• **Task instructions**: Word for word, restate the lines of the data below between those holding "Ein Bett oder" and "HERRARMBANDSUR, 2 stycken, Örnen", inclusive; pictures do not belong in the copy.

• **Data under study**:
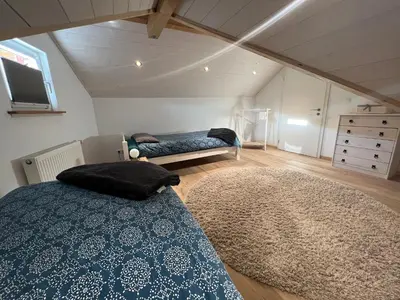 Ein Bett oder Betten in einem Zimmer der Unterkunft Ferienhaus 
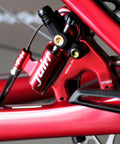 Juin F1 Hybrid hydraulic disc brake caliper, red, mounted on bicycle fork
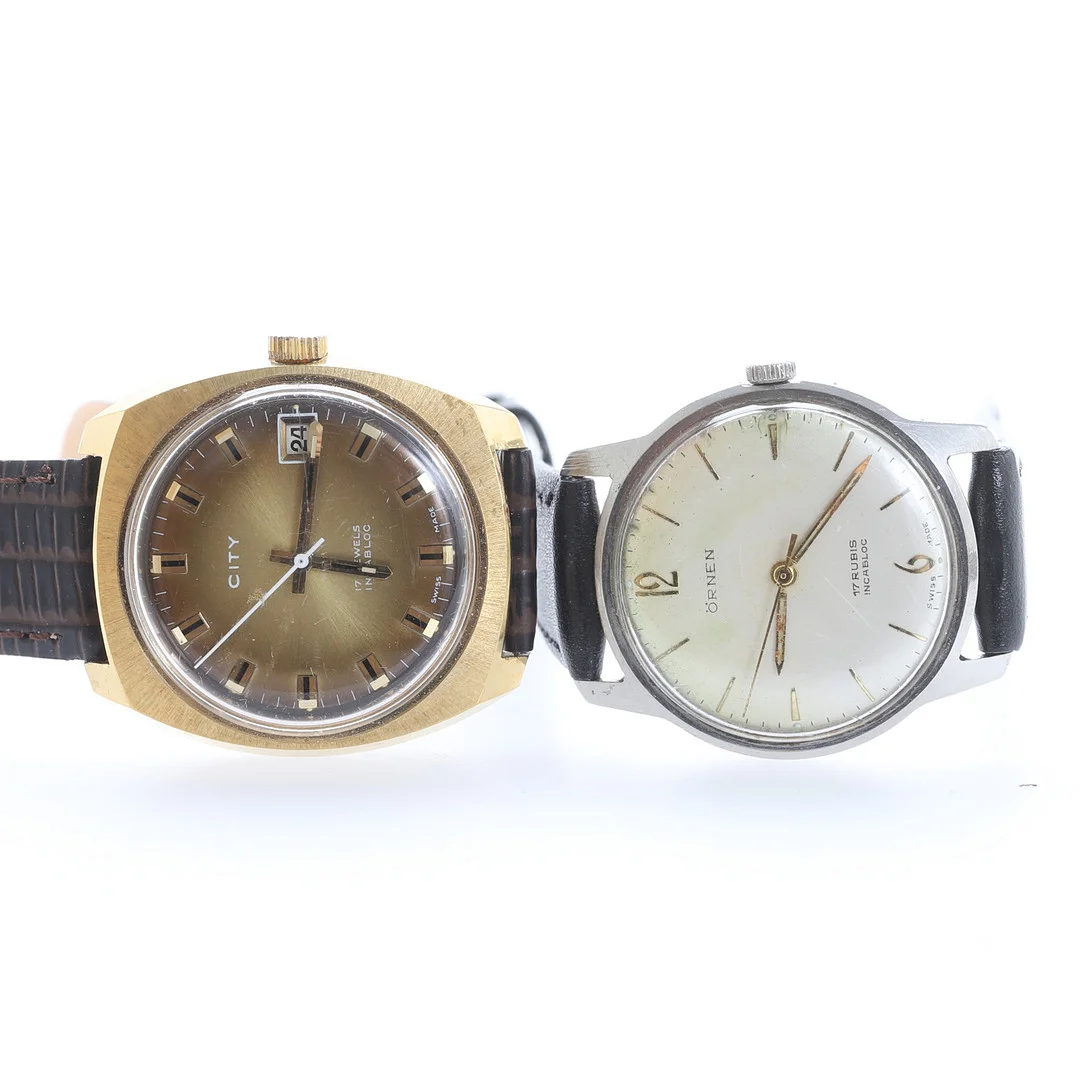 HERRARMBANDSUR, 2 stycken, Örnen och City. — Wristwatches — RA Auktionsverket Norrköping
==
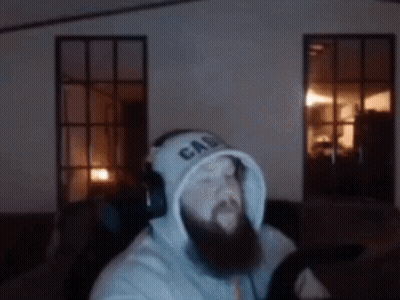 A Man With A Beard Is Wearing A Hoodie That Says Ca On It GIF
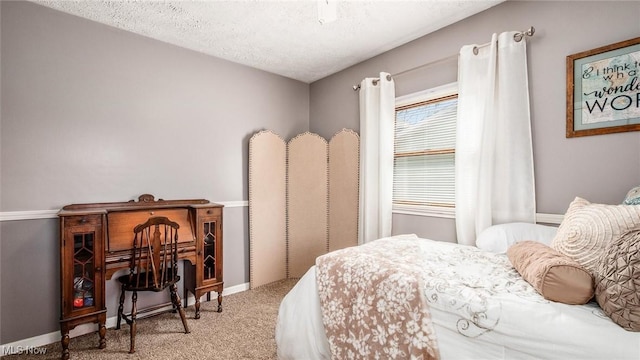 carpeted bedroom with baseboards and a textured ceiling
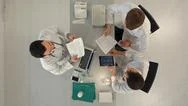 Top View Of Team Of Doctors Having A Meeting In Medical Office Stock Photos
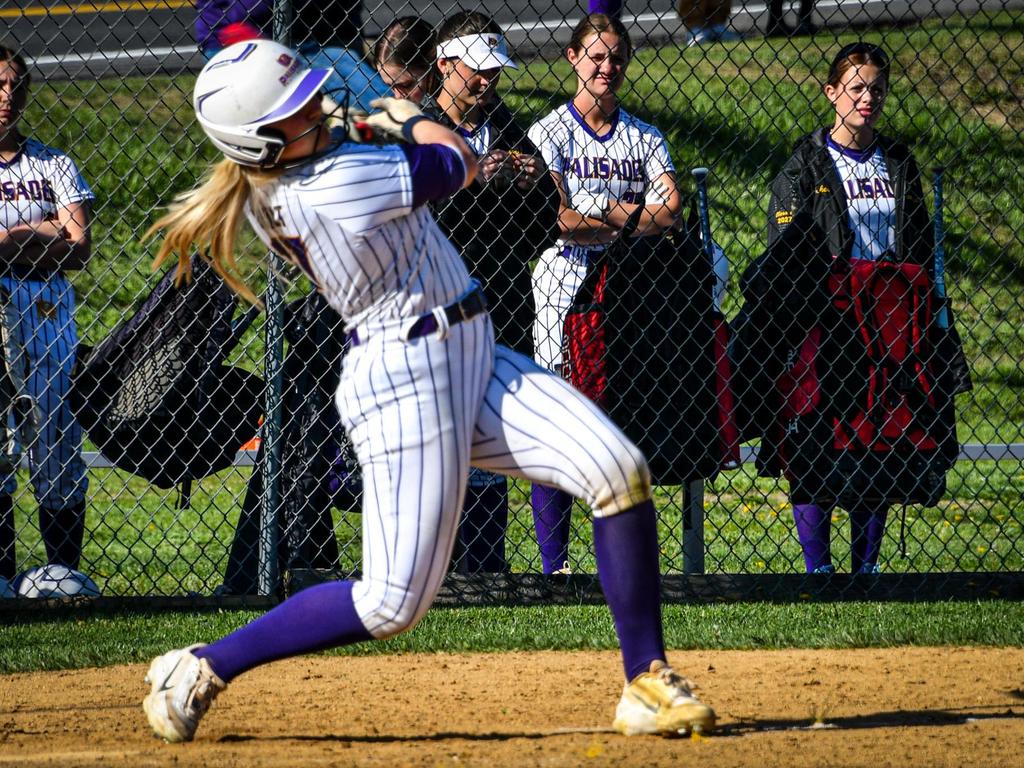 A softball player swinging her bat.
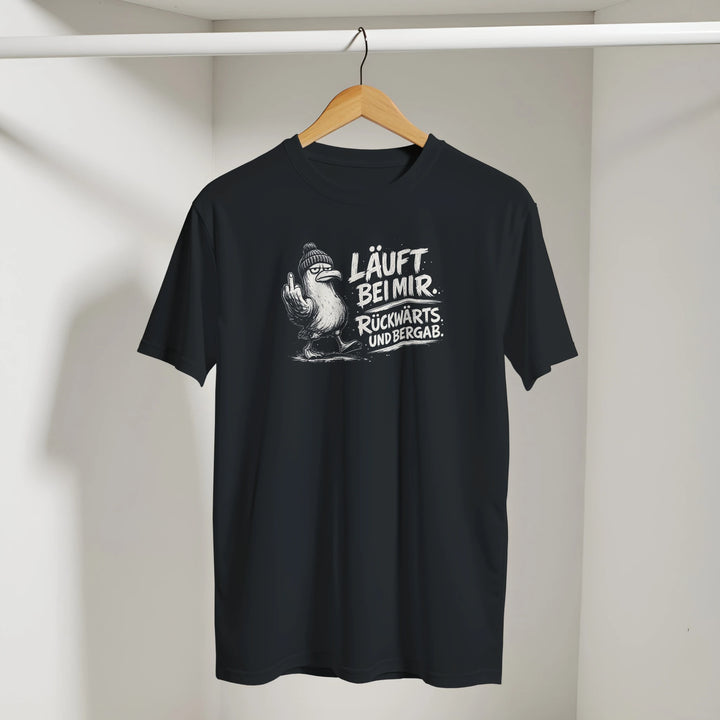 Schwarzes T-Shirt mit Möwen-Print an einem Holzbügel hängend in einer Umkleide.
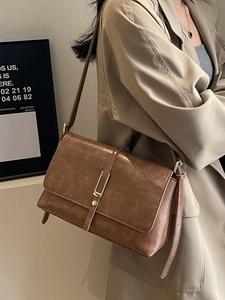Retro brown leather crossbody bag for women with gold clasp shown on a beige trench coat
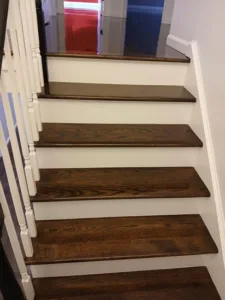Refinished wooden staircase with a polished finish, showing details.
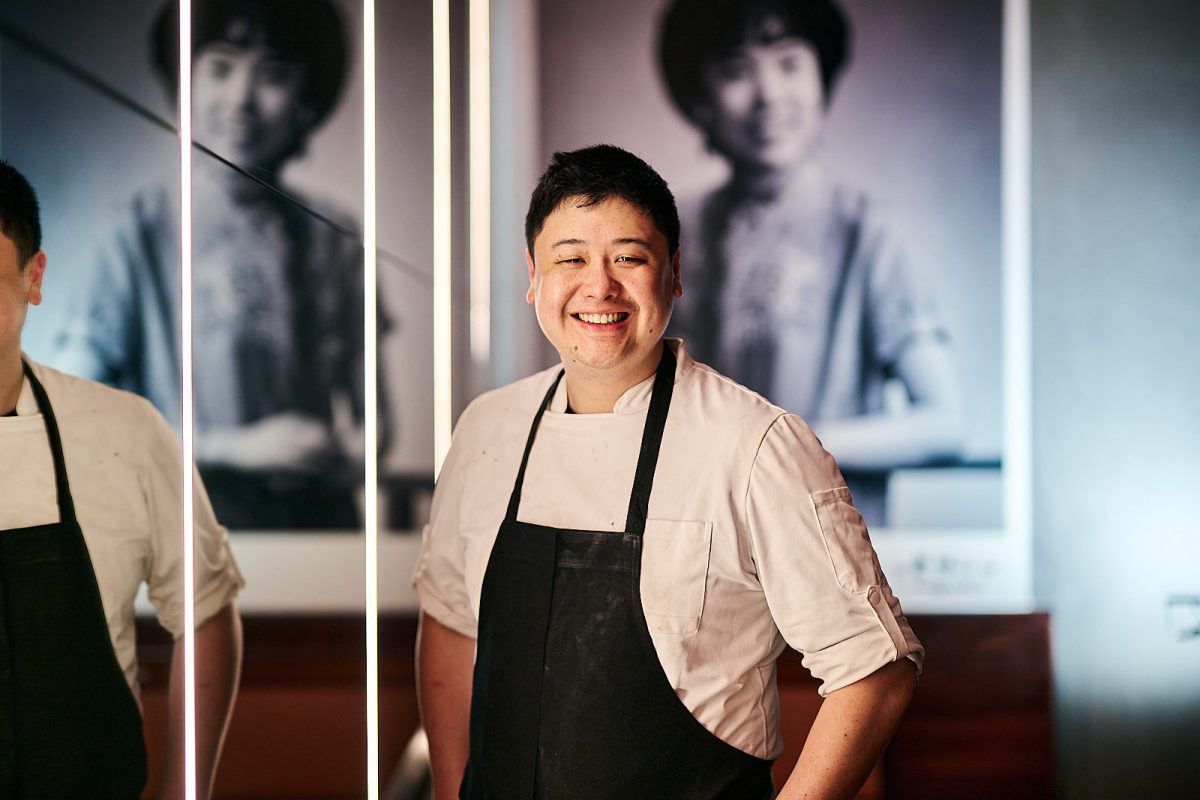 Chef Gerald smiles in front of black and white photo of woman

• **Output for this task**:
 Ein Bett oder Betten in einem Zimmer der Unterkunft Ferienhaus 
 Juin F1 Hybrid hydraulic disc brake caliper, red, mounted on bicycle fork
 HERRARMBANDSUR, 2 stycken, Örnen och City. — Wristwatches — RA Auktionsverket Norrköping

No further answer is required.